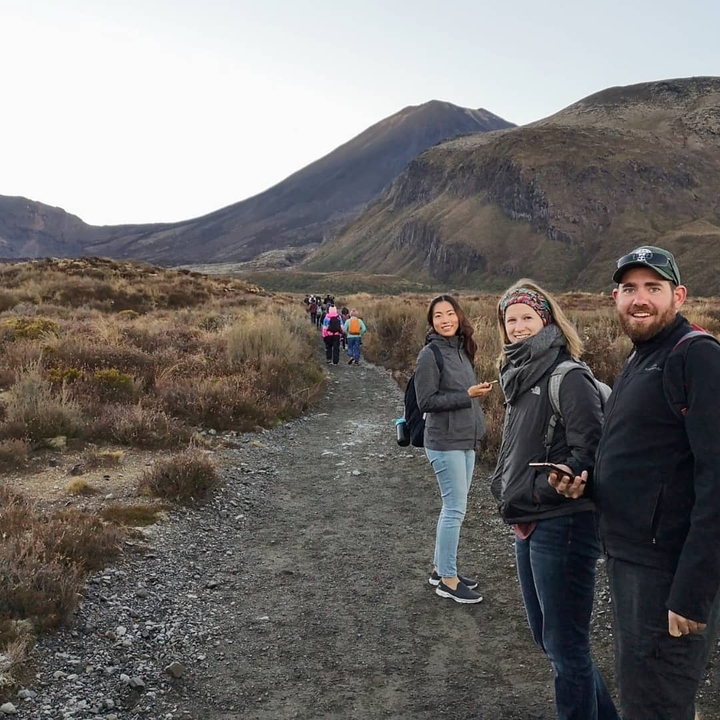 Group of hikers walking on a trail through mountainous terrain.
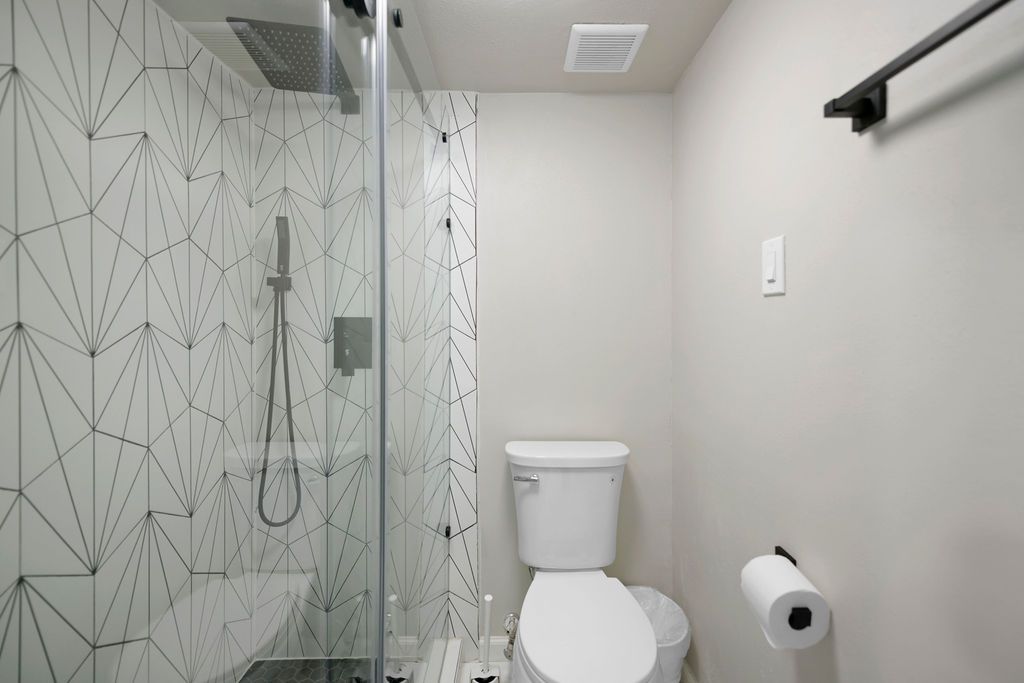 Small, modern bathroom with a white toilet, geometric tiled shower, and gray walls. A black towel bar and toilet paper roll are visible.
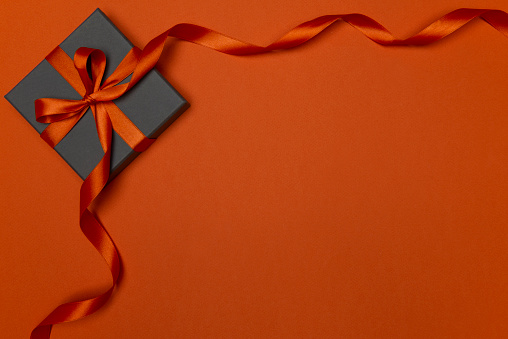 Gift box on orange color, directly above.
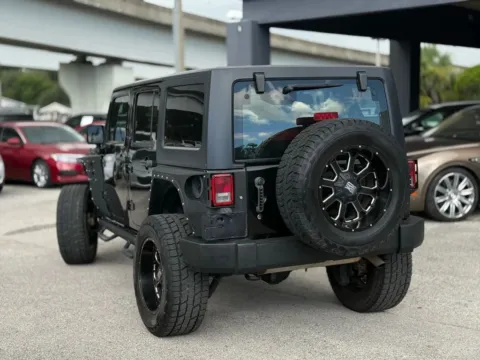 Another view of 2016 Jeep Wrangler Unlimited Sport SUV 4D for sale in Jacksonville, FL at AUTOLAND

> [Problem description]:
Output the data above in full. Skip every picture.

> [Reply to the exercise]:
 Group of hikers walking on a trail through mountainous terrain.
 Small, modern bathroom with a white toilet, geometric tiled shower, and gray walls. A black towel bar and toilet paper roll are visible.
 Gift box on orange color, directly above.
 Another view of 2016 Jeep Wrangler Unlimited Sport SUV 4D for sale in Jacksonville, FL at AUTOLAND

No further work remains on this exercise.